While I was writing that journal entry, I mentioned zines as a potential way for me to translate my love of social issues into art. In fact, at the end of that entry, I mentioned that I was already following through with that idea and that I was making a zine about a topic very close to me: body confidence and self-acceptance.

It's something that I have personally struggled with and have wanted to talk about for quite a while now, so I thought why not take advantage of the opportunity when it presented itself. Body confidence is always something I've always had problems with, ever since about Grade 2. I don't think I'm alone in saying that television and magazines didn't exactly help with said problems. In the last few years, however, I've not only accepted the way I am, but I happen to think that I look pretty damn fabulous.

I mean, just look at me. Stunning, amirite?
Now, I'm fat. I already know that I'm fat. And I'm not just saying that because I saw some magazine with a skinny model on it, compared it to myself and thought 'oh wow, in comparison to what these magazines are saying is beautiful, I'm fat'. Because no. When I say I'm fat I mean I am actively aware of the fact that I weigh quite a bit more than what a BMI calculator says I should weigh. Don't worry, I don't have bad self-esteem. (I think I'm pretty great. I'm the bomb dot com. In fact, I might have too much self-esteem.)

So yeah, I don't have bad self-esteem; I just the have the radical notion that just because I'm fat doesn't mean that people should be able to erase my humanity and treat me differently because of it.

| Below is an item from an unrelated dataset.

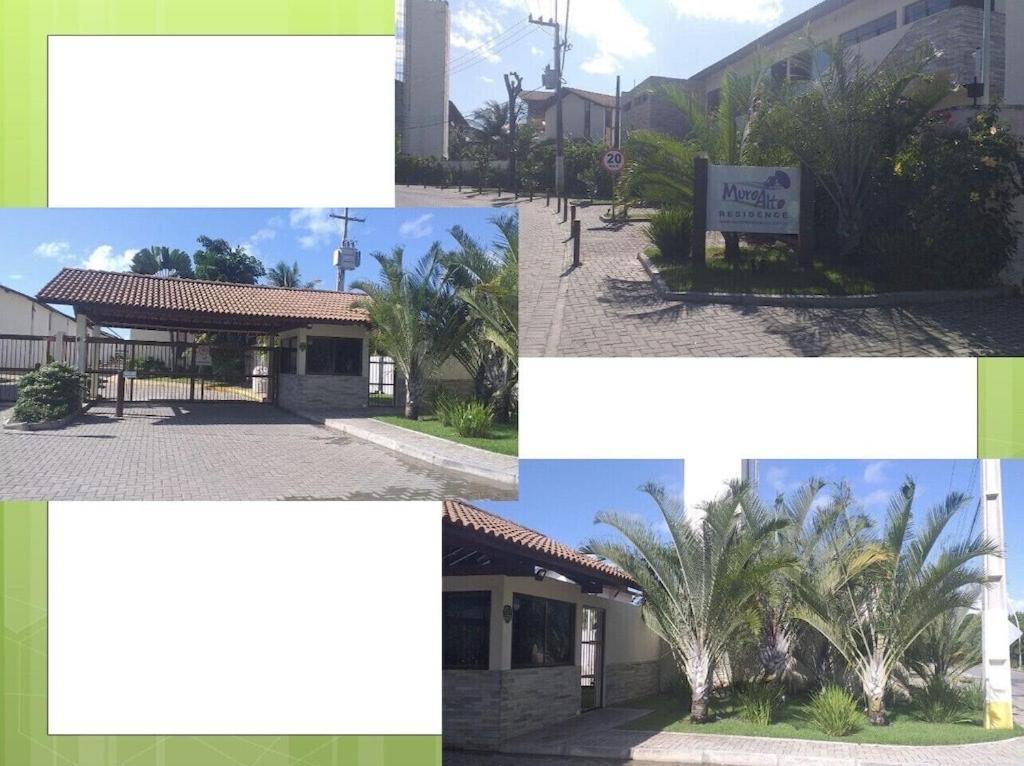 Bangalo 32 - Beira Mar - Praia De Muro Alto Pôrto das Galinhas Exteriér fotografie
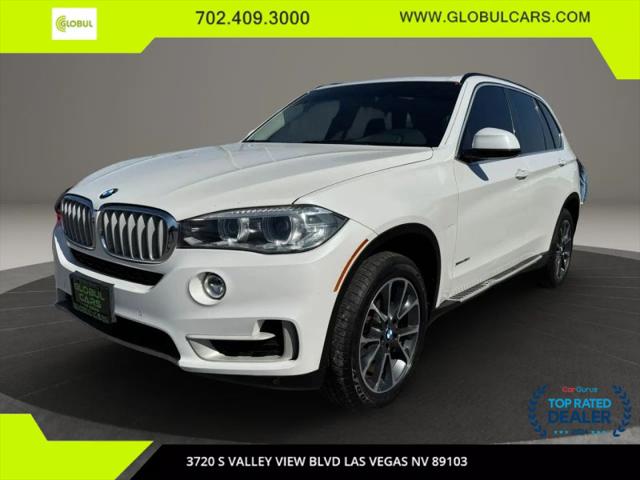 2015 BMW X5 xDrive35i for sale in Las Vegas, NV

Cause that's what a lot of people do to fat people. Especially fat girls. Especially on the internet. They bully and harass us with the excuse that they're doing it because they care about our health. Which is a bunch of B.S because:

1) No one has that much "concern" over the health of another person on the internet that they don't even know. And
2) If this was really about health, they wouldn't be such hypocrites. When a skinny girl on Tumblr posts a pic of her eating a whole pizza, it's funny and cute and relatable. But when I do it, I'm disgusting and what's wrong with the world. The folks who are telling me about my terrible eating habits are also the ones who picked up Taco Bell or McDonald's on their way home from their kid's soccer practice not once, but twice this week. You think I don't see you? Careful hon, you're hypocrisy is showing. And
3) When companies like Nike come out with plus size exercise wear, these same people that were just yelling at to me get off the couch and go for a run then dogpile on this company for promoting an "unhealthy lifestyle". Tell me, how exactly am I supposed to become healthy and exercise more if I don't have any clothes to exercise in? Quite the riddle, I know. I'm damned if I do, damned if I don't.

If you're still here, thank you for sitting through a rant of such magnitude. I promise I'll get to the art stuff now.

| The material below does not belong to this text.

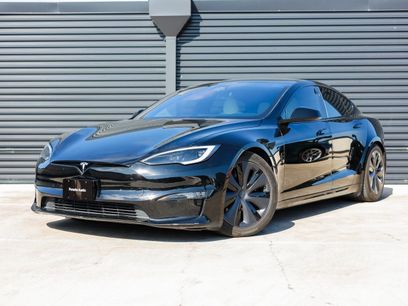 Used 2023 Tesla Model S Standard Range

Anyway, so I wanted to create a zine that would be the exact opposite of what fat girls experience online. I wanted it to be full of positivity and happiness and rainbows. I planned the majority of the zine over a two-day period during March Break, and I've been periodically working on the actual zine since then. It's a lot different from the first one I made, partially because it's a lot better produced and also because it doesn't have the same gritty, punk kinda thing that the other one had going on. This ones gonna have a lot more pastel colours and general cuteness than the last. It's going to be all uplifting messages, positive looks at bodies, and adorableness.

Here's just an overview of all the planning I've done so far.
While it will be larger than the four page zine I did last year, it will still be small, confined only to around eight pages. I've plotted everything out and now it's just a matter of making the thing. This zine will be a little more text heavy than the other, but I do plan to try to balance it out a bit. I've already got a title, which I mentioned in my last curiosity journal post, "Thique". I would go into the symbolism behind the title and my decision to use it but this post is already wayyyyy to long and we've both probably got other stuff to do, so I'll leave you with some pics of my plans and such:

Here are my really rough drafts.
This was mostly from the stage that I was just writing down all my ideas.

And here's a rough plan of what each panel/page is going to look like.
Though they are subject to a little bit of change.